The data:
--*--
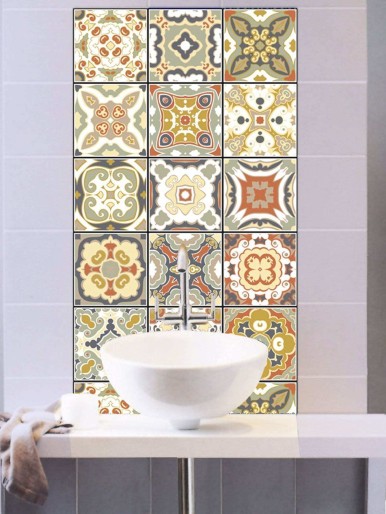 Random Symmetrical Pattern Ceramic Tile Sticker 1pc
--*--
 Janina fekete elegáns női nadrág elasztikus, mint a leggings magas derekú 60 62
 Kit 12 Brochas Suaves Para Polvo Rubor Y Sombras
--*--
Task to carry out: Look above for the line with "Janina fekete elegáns" and the line with "Kit 12 Brochas". Write out those two lines and all the lines between them, exactly, and no others.

Answer section:
 Janina fekete elegáns női nadrág elasztikus, mint a leggings magas derekú 60 62
 Kit 12 Brochas Suaves Para Polvo Rubor Y Sombras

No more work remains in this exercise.